# [WHAT THE TASK ASKS]
Among the entries below, retype exactly the lines starting with the one with "discover the lurking" and going on through the one with "Nick Baxendell", but not the pictures.

# [DATA SHOWN]
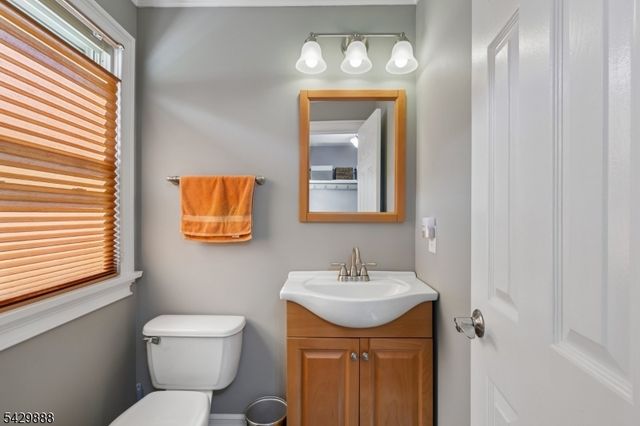 8 Bob White, Allamuchy Twp., NJ 07840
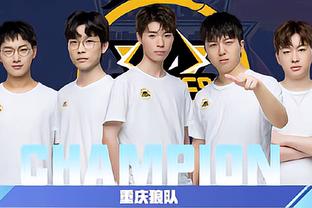 加载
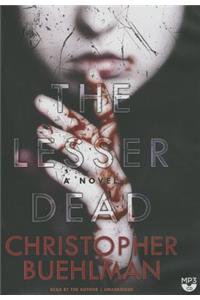 Lesser Dead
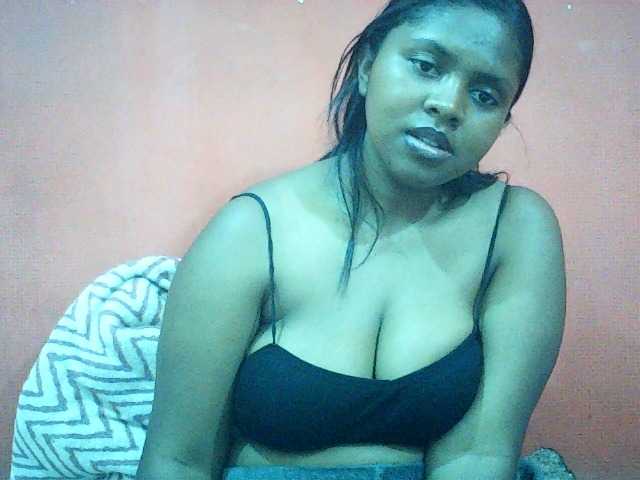 Preview of balanchega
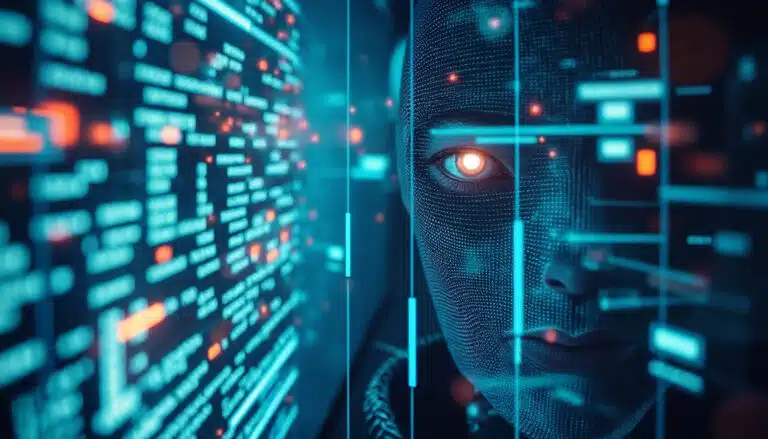 discover the lurking threat on whatsapp: executable files camouflaged as images. learn how to protect yourself from this emerging danger and stay safe while using the messaging platform.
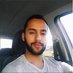 Julio Cesar Celestino Alves (@bomdiajulio) Twitter profile photo Julio Cesar Celestino Alves (@bomdiajulio) Twitter profile photo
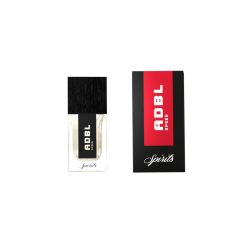 ADBL Speed Innenraumduft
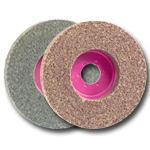 TRIMFIX® SteelFire® Heavy-Duty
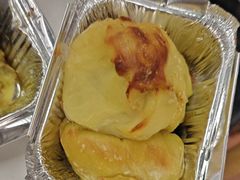-尚宴牛特鲜自助(太原街万达店)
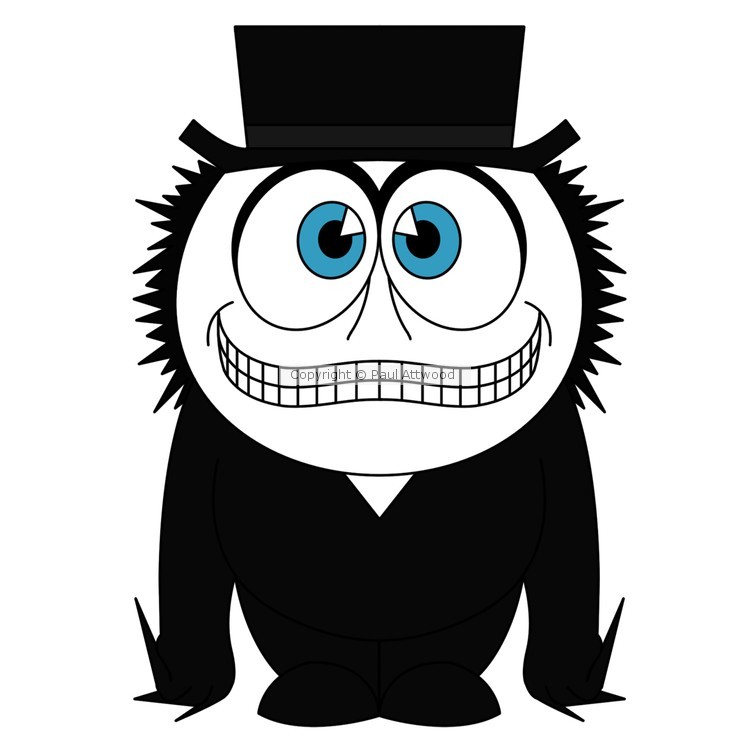 babadook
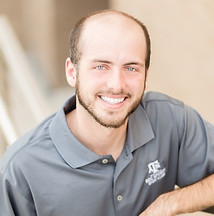 Nick Baxendell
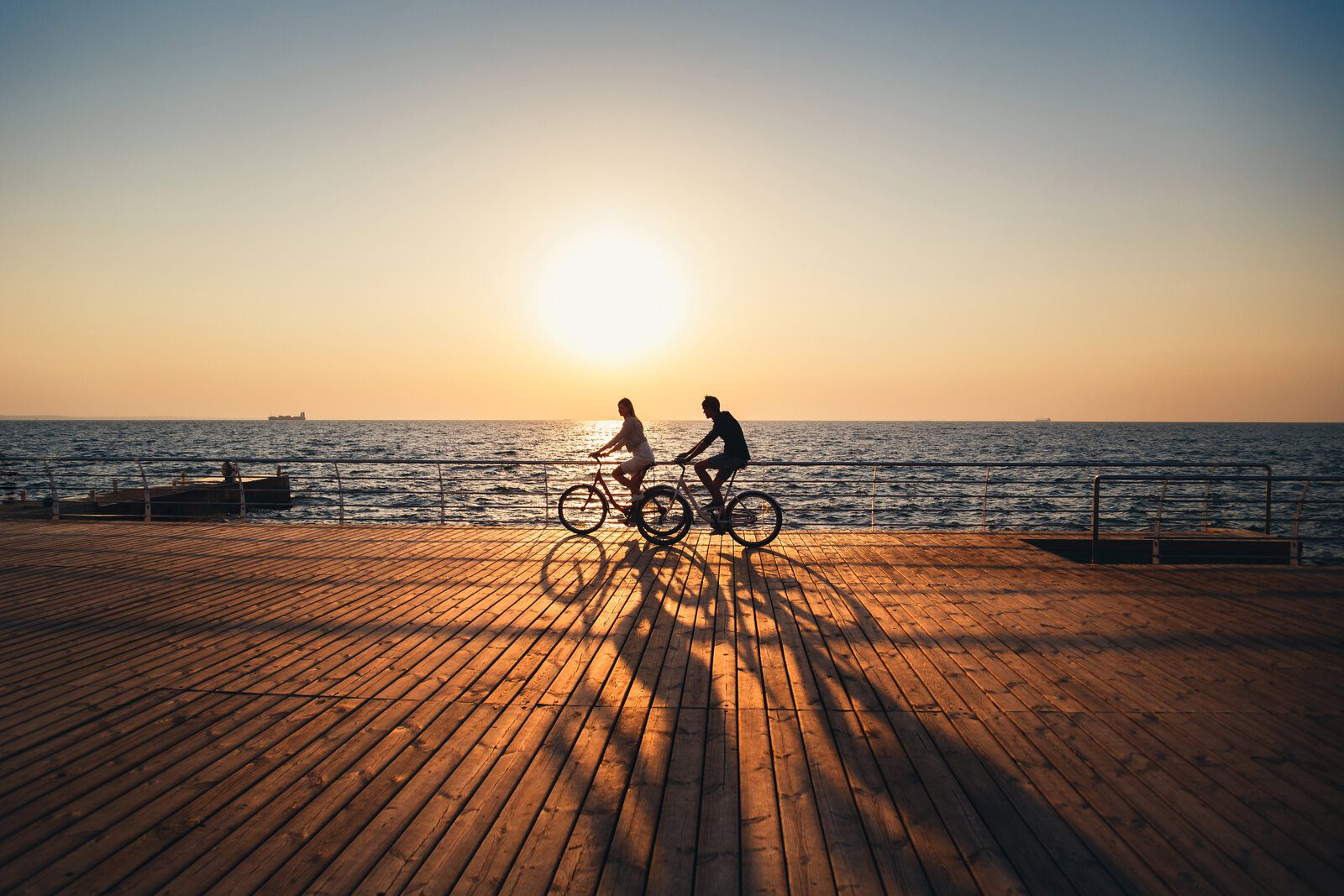 The Retirement Spending Smile: Why Your Costs Will Not Be Flat on the Emerald Coast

# [REPLY]
 discover the lurking threat on whatsapp: executable files camouflaged as images. learn how to protect yourself from this emerging danger and stay safe while using the messaging platform.
 Julio Cesar Celestino Alves (@bomdiajulio) Twitter profile photo Julio Cesar Celestino Alves (@bomdiajulio) Twitter profile photo
 ADBL Speed Innenraumduft
 TRIMFIX® SteelFire® Heavy-Duty
-尚宴牛特鲜自助(太原街万达店)
 babadook
 Nick Baxendell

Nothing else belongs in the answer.